As assinaturas mencionadas pelo parlamentar foram o principal ponto de discussão em torno da CPI da Lava Toga em 2019. O Regimento do Senado especifica que uma CPI deve ser aberta se alcançar o apoio de 27 senadores, número que corresponde a um terço dos membros da Casa. Capitaneada por senadores de início de mandato – como Valério, Vieira e Fabiano Contarato (PT-ES) –, a Lava Toga alcançou as 27 assinaturas com dificuldades. Mas, antes de ocorrer a instalação, alguns parlamentares retiraram o apoio e o projeto minguou.

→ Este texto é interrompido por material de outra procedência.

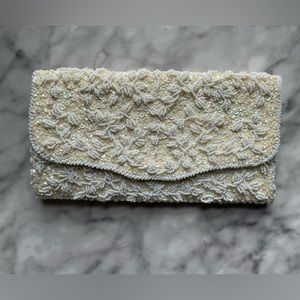 Vintage White Beaded Clutch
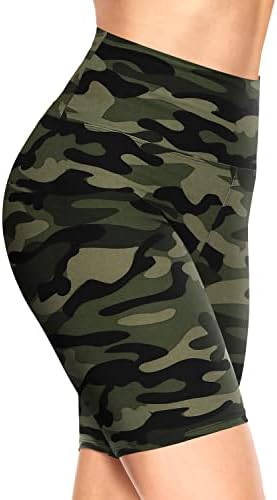 TNNZEET 8" Buttery Soft Biker Shorts for Women – Print High Waisted Workout Yoga Athletic Shorts Army Green Camo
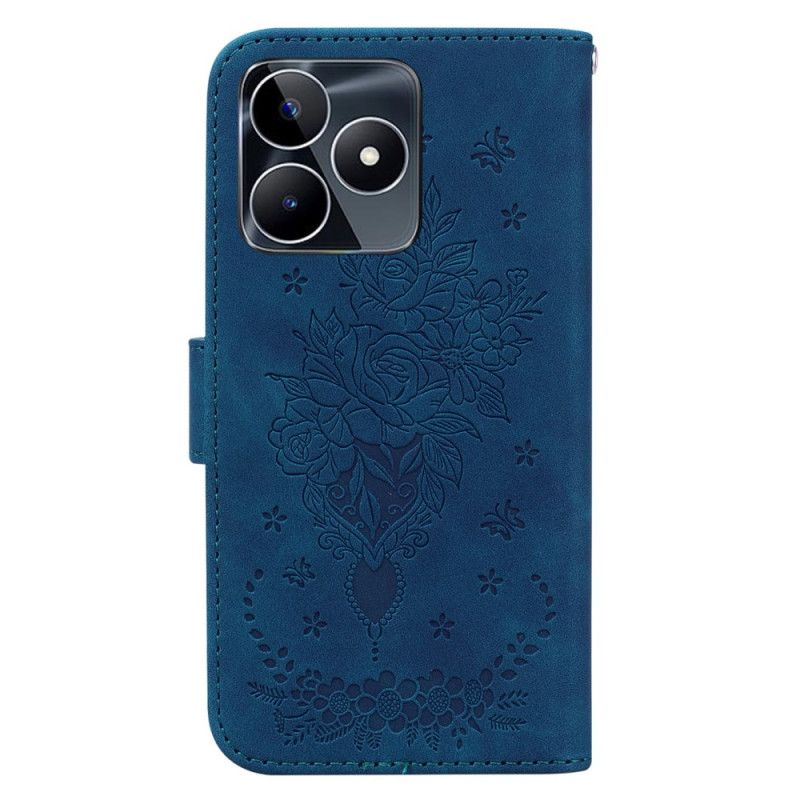 Flip Cover Til Realme C53 Rose- Og Sommerfuglemønster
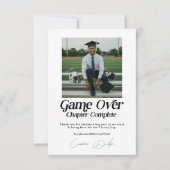 Game Over Chapter Complete Afstuderen voor sporter Bedankkaart (Voorkant)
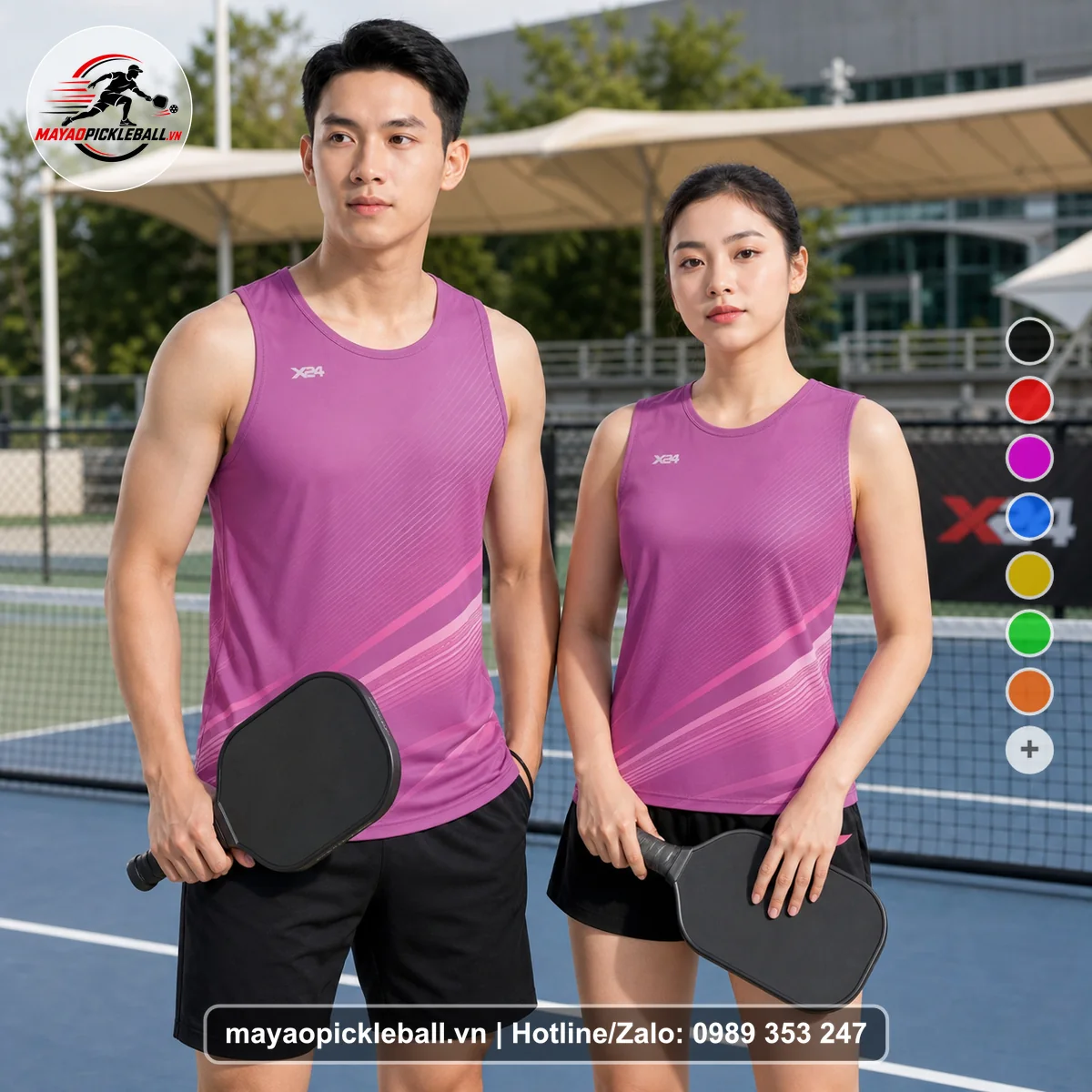 Bộ quần áo pickleball X24-PB-106 hồng biến thể không ống tay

O impasse em torno das assinaturas envolveu o senador Flávio Bolsonaro (PL-RJ) e a então senadora Selma Arruda (PSL-MS), que poucos meses depois do episódio seria cassada. Por orientação do Palácio do Planalto, o filho do presidente não endossou a CPI e teria ameaçado Selma, de quem era colega de partido na ocasião. "A primeira experiência daquele processo foi a de conhecer quem é quem dentro do Senado", diz Martins.
A criação da CPI era uma das bandeiras do grupo "Muda Senado", formado ainda em 2019 e que perdeu força nos últimos meses. A desarticulação do grupo é um dos fatores que faz Plínio Valério não colocar muita fé na instalação da comissão, embora ainda seja um defensor da ideia. "No momento, o assunto está enterrado", diz.
Mas Valério afirma confiar que a nova legislatura, que se inicia no ano que vem, pode impulsionar a CPI. O Senado renovará um terço das cadeiras nas eleições deste ano. Valério está no meio de mandato e, portanto, não precisa disputar a eleição. Já Lasier Martins não conseguiu apoio do seu partido para disputar a reeleição e é candidato a deputado federal.